I'm forwarding this rather interesting message to the TH mailing list

Simon

-----Original Message-----
From: Duncan Coutts [mailto:duncan.coutts at worcester.oxford.ac.uk] 
Sent: 19 December 2003 22:53
To: Ian Lynagh; Simon Peyton-Jones
Subject: Partial evaluation using TH

Hi Ian, Simon,

I've been playing with partial evaluation and am looking at doing
partial evaluation for Haskell using Template Haskell. I've come across
an issue with which I was hoping you might help me to understand what is
going on.

I've got a working (trivial) self-applicable partial evaluator using TH.
It is a trivial specialiser in the sense that it doesn't do any
specialisation, but I'm just looking at the feasibility at the moment. 

A bit of background; people building partial evaluators like to do this
trick where they specialise the specialiser with respect to itself. If
the specialiser function is called mix, they do:
cogen = mix mix mix
This works fine if your in an untyped language. In Haskell you need to
use encodings (of encodings) of programs to get a sensible type.

Before launching into the TH version, I've got a typed model which is
quite useful for seeing what is going on.

We model TH's AST data type as a data type with a phantom type parameter
which is the type of the value that the AST represents

> data Exp t = ...

Now we model the |[ ]| and $() operators as functions:
> spliceIn :: Exp t -> t
> spliceOut :: t -> Exp t

Obviously, we can't define these functions. We also have to remember to
use them with the same syntactic restrictions as their TH counterparts.

Now mix; it takes an expression representing a function and applies it
to its static argument.

> mix :: Exp (a -> b) -> Exp a -> Exp b

We will also need encodings of mix
> mix' = spliceOut mix
> mix'' = spliceOut mix'

So the self application works like so
> cogen :: Exp (Exp (a -> b)) -> Exp (Exp a -> Exp b)
> cogen = spliceIn(mix mix' mix'')

The double encoding on the LHS concerns me somewhat, I'll come back to
that.

We can now use this function to build a compiler for an embeded language
given an interpreter for that language. Suppose I've got some trivial
imperative language and an interpreter for it
(evalProg takes a Prog AST an initial value assignment of variables and
returns the result of running the program)
> evalProg :: Prog -> State -> Value

Then a compiler function for this language can be defined as
> comp :: Exp Prog -> Exp (State -> Value)
> comp = spliceIn (cogen (spliceOut (spliceOut evalProg)))

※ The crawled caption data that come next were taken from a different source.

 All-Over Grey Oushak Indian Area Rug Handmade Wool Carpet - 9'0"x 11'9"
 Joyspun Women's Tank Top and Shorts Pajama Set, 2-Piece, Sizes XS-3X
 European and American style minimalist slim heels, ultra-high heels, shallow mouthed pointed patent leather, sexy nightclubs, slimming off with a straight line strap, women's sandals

Note the use of the double encoding.

Finally, the compiler function can be used to compile a program in this
trivial language into a Haskell function:

> prog :: Prog
> prog = [Return (Var "a")]

> target :: State -> Value
> target = spliceIn (comp (spliceOut prog))

We can translate this in a straightforward way into TH. For this brief
presentation I'll pretend we don't have any staging restrictions (in
reality it is spread over 6 modules).

> mix :: ExpQ -> ExpQ -> ExpQ
> mix f x = f `app` x			--trivial specialiser

> mix', mix'' :: ExpQ
> mix'  = [| mix |]
> mix'' = [| mix' |]

> cogen :: ExpQ -> ExpQ
> cogen = $(mix mix' mix'')

> evalProg' = [| evalProg |]		--same evalProg as before

> compileProg :: ExpQ -> ExpQ
> compileProg = $( cogen [| evalProg' |] )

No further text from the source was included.